--- Extracted data ---

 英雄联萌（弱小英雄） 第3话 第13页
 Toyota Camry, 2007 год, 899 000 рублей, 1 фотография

---
--- Extracted data ---

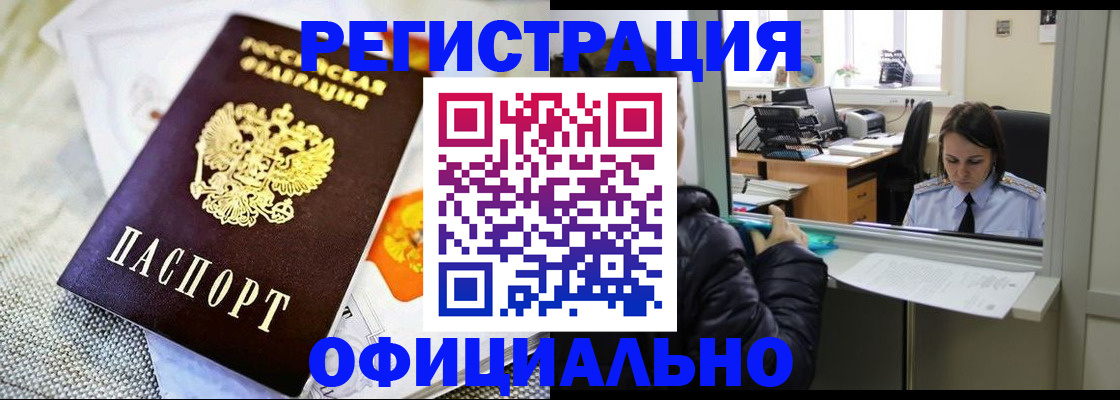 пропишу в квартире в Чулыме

---
--- Extracted data ---

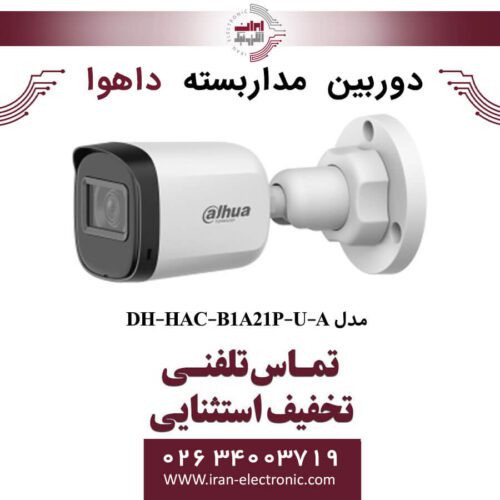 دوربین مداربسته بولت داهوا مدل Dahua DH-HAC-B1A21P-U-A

---

The task –
In the data above, find the line that contains "英雄联萌（弱小英雄） 第3话 第13页" and the line that contains "Toyota Camry, 2007". Repeat exactly those lines and every line between them, and only those.

Expected answer –
 英雄联萌（弱小英雄） 第3话 第13页
 Toyota Camry, 2007 год, 899 000 рублей, 1 фотография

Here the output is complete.